STATE

Senators: Trade war damaging Kansas economy

Tim Carpenter
tcarpenter@cjonline.com
U.S. Sen. Pat Roberts, R-Kan., discusses trade policy and farm bill progress Monday following a tour of the National Bio and Agro-defense Facility at Kansas State University in Manhattan. [Thad Allton/The Capital-Journal]

Tag-team trade war skeptics Pat Roberts and Jerry Moran kept up rolling criticism Friday of a protectionist agenda unraveling free trade policies and eliciting retaliatory actions harmful to Kansas' crop and livestock exporters.

Roberts, a Republican who chairs the Senate Agriculture Committee, led a hearing that chewed on the issue like a hungry southwestern corn borer.

"I hear from producers across the agriculture industry, and across our food value chain, about how trade policies impact their prices, decisions and livelihoods,” Roberts said. "On top of already low prices, the agriculture sector has seen immediate negative impacts as a result of retaliatory trade actions."

Tariffs imposed by President Donald Trump in theory would make U.S.-made goods less expensive than imported goods, but Roberts said trade conflict was poised to undermine U.S. market access in countries that have been solid consumers of American agriculture exports.

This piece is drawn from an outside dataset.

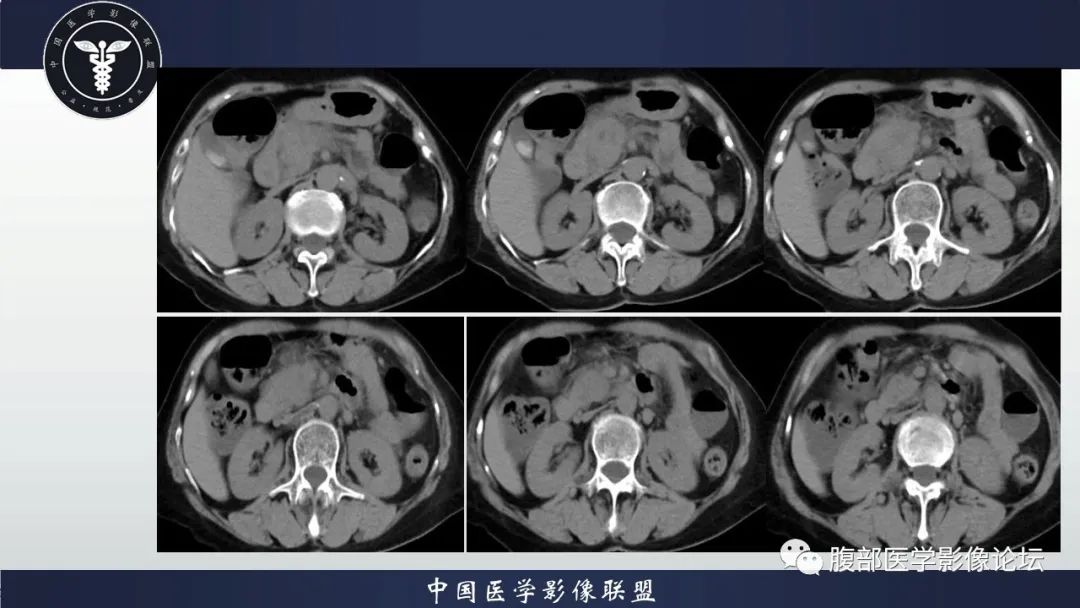影像PPT - 【病例】肿块型胰腺炎1例CT影像诊断-6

In the early 1990s, Roberts said, he worked to build farm exports by generating enthusiasm for the new North America Free Trade Agreement. Since NAFTA went into force, the value of U.S. exports to Canada has grown 271 percent and to Mexico by 305 percent. From 1994 to 2017, U.S. agriculture exports increased from $43 billion to $138 billion.

"Simply put," Roberts said, "the entire food and agriculture value chain relies on trade."

Moran, a Republican who cut his teeth in Congress representing the farming- and ranching-dense 1st District, said Kansans struggling with bottom-line implications of weak commodity and beef prices, or recovering from record wildfires, were now subjected to instability of global food markets.

"The United States has engaged itself in a trade war that I’m not convinced anyone can win," Moran said. "Kansans are feeling the effects of recently imposed tariffs."

He said $361 million of Kansas exports were being targeted in the trade rift, including soybean and sorghum to China and beef and corn to Mexico.

With 95 percent of consumers living outside the U.S., he said, there were consequences to artificial limits on the ability of Kansas producers to move food and fiber around the world.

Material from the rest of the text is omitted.